━━ Collected data

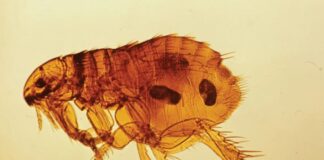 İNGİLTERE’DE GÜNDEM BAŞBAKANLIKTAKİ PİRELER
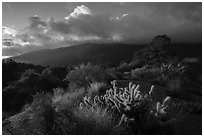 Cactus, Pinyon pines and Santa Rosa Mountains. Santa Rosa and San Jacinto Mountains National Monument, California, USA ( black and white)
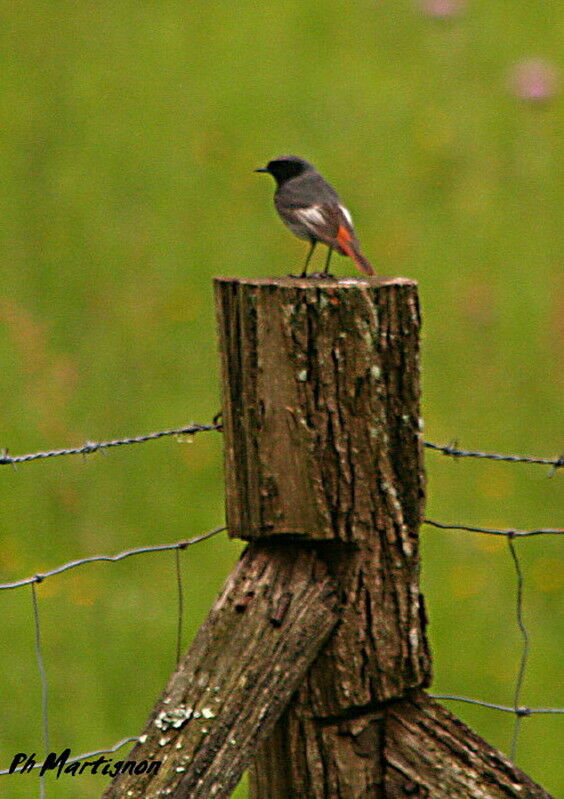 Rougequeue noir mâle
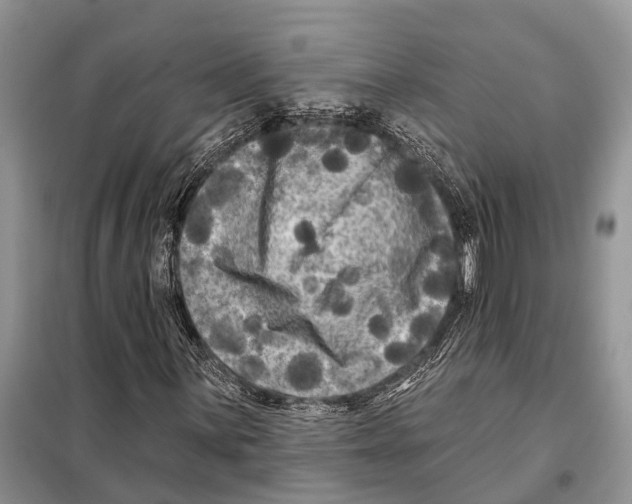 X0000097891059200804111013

━━━━

*Exercise description*
Drop the images; restate the listing exactly.

*Answer section*
 İNGİLTERE’DE GÜNDEM BAŞBAKANLIKTAKİ PİRELER
 Cactus, Pinyon pines and Santa Rosa Mountains. Santa Rosa and San Jacinto Mountains National Monument, California, USA ( black and white)
 Rougequeue noir mâle
 X0000097891059200804111013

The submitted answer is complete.